▶ Data shown:
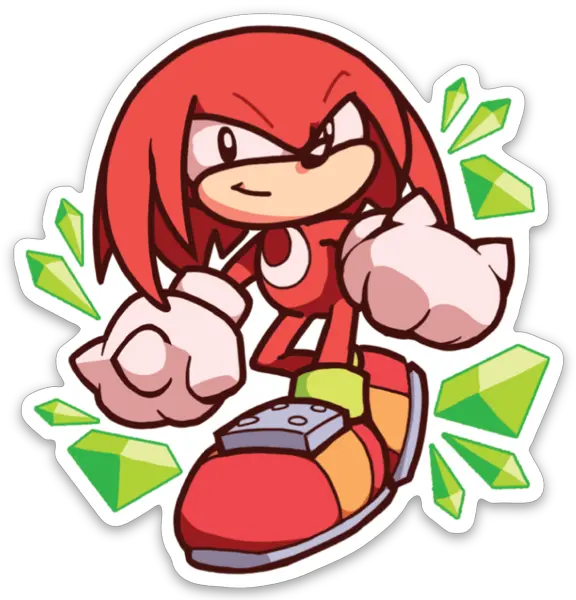 Knuckles The Echidna Knuckles Sticker Png Knuckles The Echidna Png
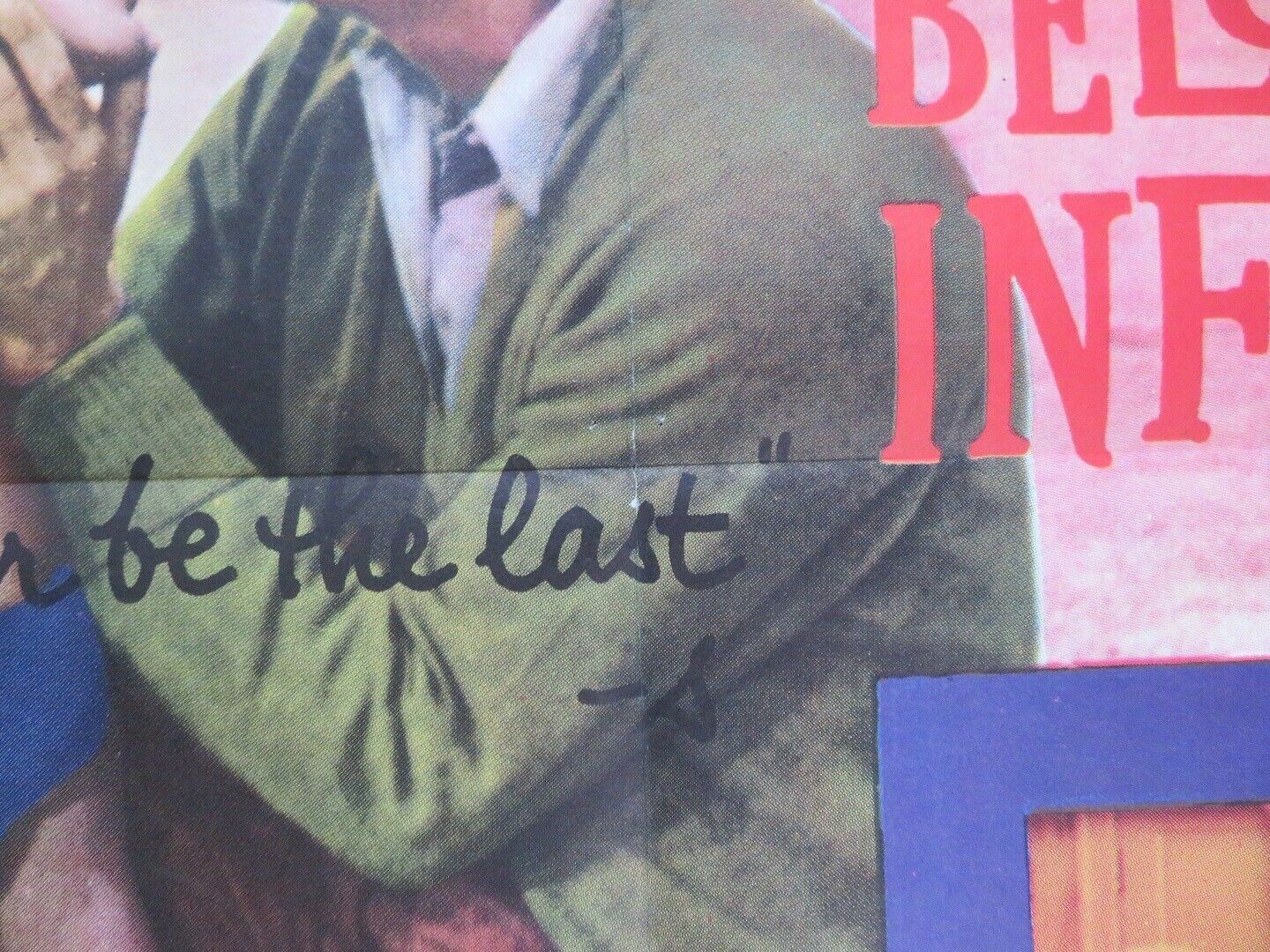 BELOVED INFIDEL FOLDED US ONE SHEET POSTER GREGORY PECK DEBORAH KERR 1959 Movie posters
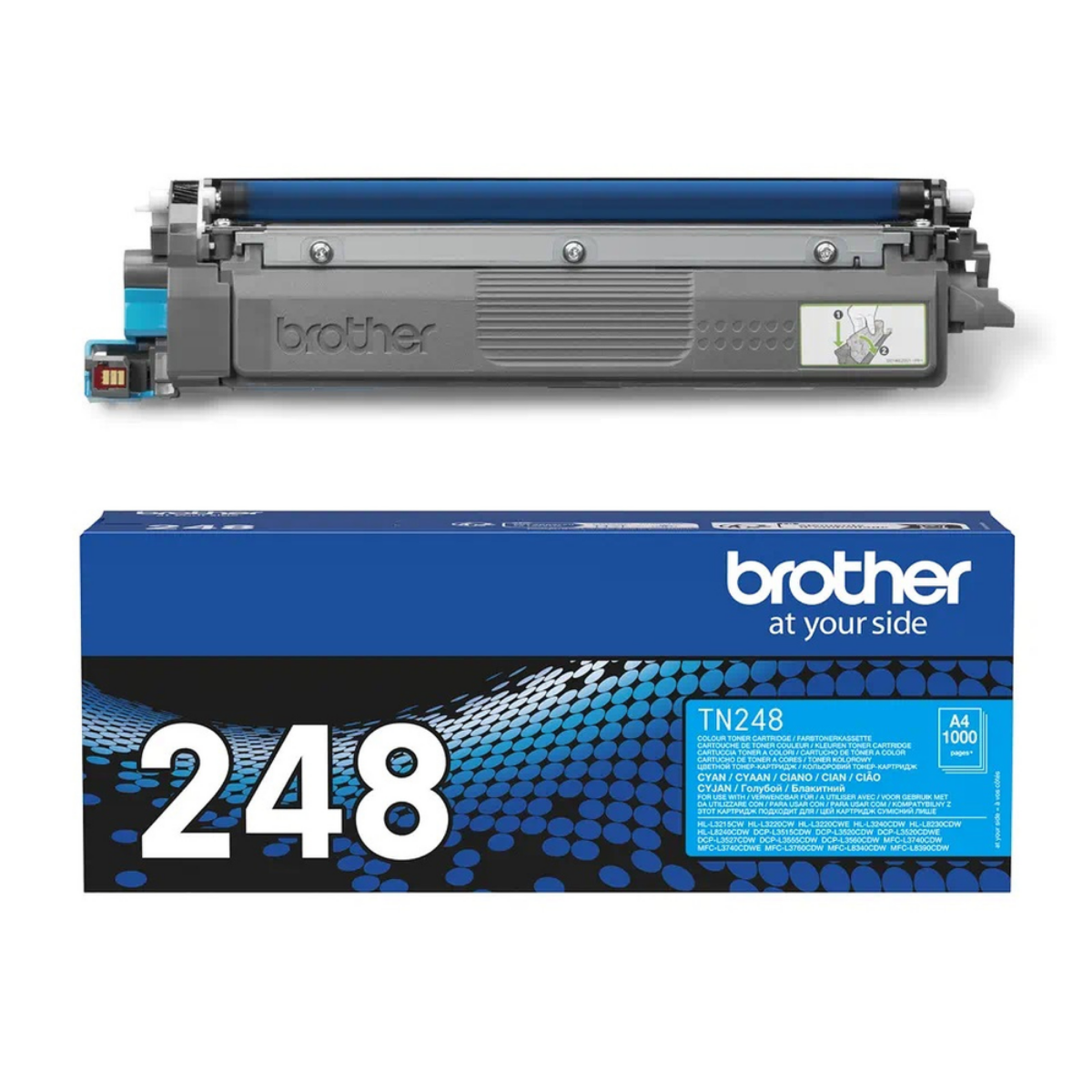 Genuine Brother DCP-L3520CDWE Cyan Toner Cartridge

▶ Goal of the exercise:
Up to and including the last line of the listing, starting at the line with "BELOVED INFIDEL FOLDED", extract every line exactly and leave out the pictures.

▶ Written reply:
 BELOVED INFIDEL FOLDED US ONE SHEET POSTER GREGORY PECK DEBORAH KERR 1959 Movie posters
 Genuine Brother DCP-L3520CDWE Cyan Toner Cartridge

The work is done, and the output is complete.